What persists between blocks
Only three tiny quantities are carried forward, all in SRAM:
| Accumulator | Size | Purpose |
|---|---|---|
| Running max | 1 scalar per row | Numerical stability |
| Running sum | 1 scalar per row | Softmax denominator |
| Partial output | d_k values per row | Accumulated weighted V |
Everything else — raw scores, softmax weights — is ephemeral. Computed, used (multiplied into the partial output), and gone.
Concrete walkthrough
Let’s trace the full algorithm with real numbers.
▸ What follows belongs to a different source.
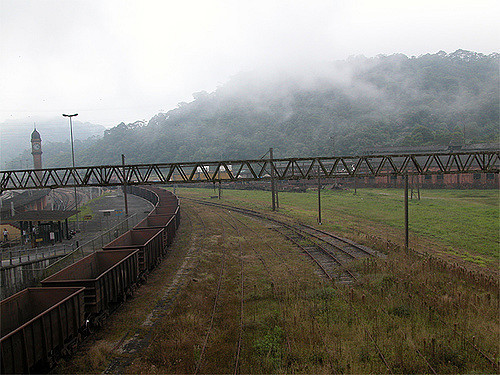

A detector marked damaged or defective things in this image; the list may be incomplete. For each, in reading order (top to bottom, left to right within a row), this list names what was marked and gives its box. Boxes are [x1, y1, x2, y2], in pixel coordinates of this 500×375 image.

Setup: N=8, d_k=4, block size=4 (2 blocks).
One Q row: q = [1, 0, 2, 1]
K matrix (split into 2 blocks of 4 rows):
K block 0: k₀=[1,1,0,0] k₁=[0,1,1,0] k₂=[1,0,1,1] k₃=[0,0,1,0]
K block 1: k₄=[2,1,1,1] k₅=[0,1,0,1] k₆=[1,1,1,0] k₇=[0,0,0,1]
V matrix (same split):
V block 0: v₀=[2,1,0,3] v₁=[1,0,1,2] v₂=[0,2,1,1] v₃=[3,1,0,0]
V block 1: v₄=[1,3,2,0] v₅=[0,1,0,2] v₆=[2,0,1,1] v₇=[1,0,0,3]
Processing K block 0
Compute scores (dot products, all in SRAM):
q·k₀ = 1×1 + 0×1 + 2×0 + 1×0 = 1
q·k₁ = 1×0 + 0×1 + 2×1 + 1×0 = 2
q·k₂ = 1×1 + 0×0 + 2×1 + 1×1 = 4
q·k₃ = 1×0 + 0×0 + 2×1 + 1×0 = 2
scores = [1, 2, 4, 2]
Partial softmax (unnormalized — we divide by the total sum only at the end):
m₀ = max(1, 2, 4, 2) = 4
exp_scores = [exp(−3), exp(−2), exp(0), exp(−2)]
= [0.050, 0.135, 1.000, 0.135]
s₀ = 0.050 + 0.135 + 1.000 + 0.135 = 1.320
Multiply unnormalized exp_scores by V block 0 (in SRAM):
o₀ = 0.050×[2,1,0,3] + 0.135×[1,0,1,2]
+ 1.000×[0,2,1,1] + 0.135×[3,1,0,0]
= [0.641, 2.185, 1.135, 1.420]
Discard scores and exp_scores. They never touch HBM. Keep only: m₀=4, s₀=1.320, o₀=[0.641, 2.185, 1.135, 1.420].
Processing K block 1
Compute scores:
q·k₄ = 5, q·k₅ = 1, q·k₆ = 3, q·k₇ = 1
scores = [5, 1, 3, 1]
Rescale (new local max 5 > old max 4):
m_new = 5
factor = exp(4 − 5) = 0.368
s₀_corrected = 1.320 × 0.368 = 0.486
o₀_corrected = [0.641, 2.185, 1.135, 1.420] × 0.368
= [0.236, 0.804, 0.418, 0.523]
Add block 1’s contribution:
exp_scores₁ = [exp(0), exp(−4), exp(−2), exp(−4)]
= [1.000, 0.018, 0.135, 0.018]
s₁ = 1.000 + 0.018 + 0.135 + 0.018 = 1.171
s_final = 0.486 + 1.171 = 1.657
o₁ = 1.000×[1,3,2,0] + 0.018×[0,1,0,2] + 0.135×[2,0,1,1] + 0.018×[1,0,0,3]
= [1.289, 3.018, 2.135, 0.227]
Final output:
output = (o₀_corrected + o₁) / s_final
= ([0.236, 0.804, 0.418, 0.523] + [1.289, 3.018, 2.135, 0.227]) / 1.657
= [0.920, 2.306, 1.540, 0.452]
Written to HBM once. Identical to computing standard softmax on the full score vector [1,2,4,2,5,1,3,1] and multiplying by the full V matrix.
I/O comparison
| Naive attention | FlashAttention | |
|---|---|---|
| HBM writes per Q row | scores [1×N] + weights [1×N] + output [1×d_k] | output [1×d_k] only |
| HBM reads per Q row | scores (for softmax) + weights (for V multiply) | Q, K, V blocks (streamed once) |
| Round trips | 3 | 1 (final write) |
| N×N in HBM? | Yes — fully materialized | Never |
| FLOPs | O(N² d_k) | O(N² d_k) + small rescaling overhead |
| Speedup source | — | I/O reduction, not FLOP reduction |
FlashAttention does slightly more arithmetic (the rescaling corrections), but dramatically less memory traffic. Since attention is memory-bound, reducing I/O is what matters. The result is typically a 2–4× wall-clock speedup.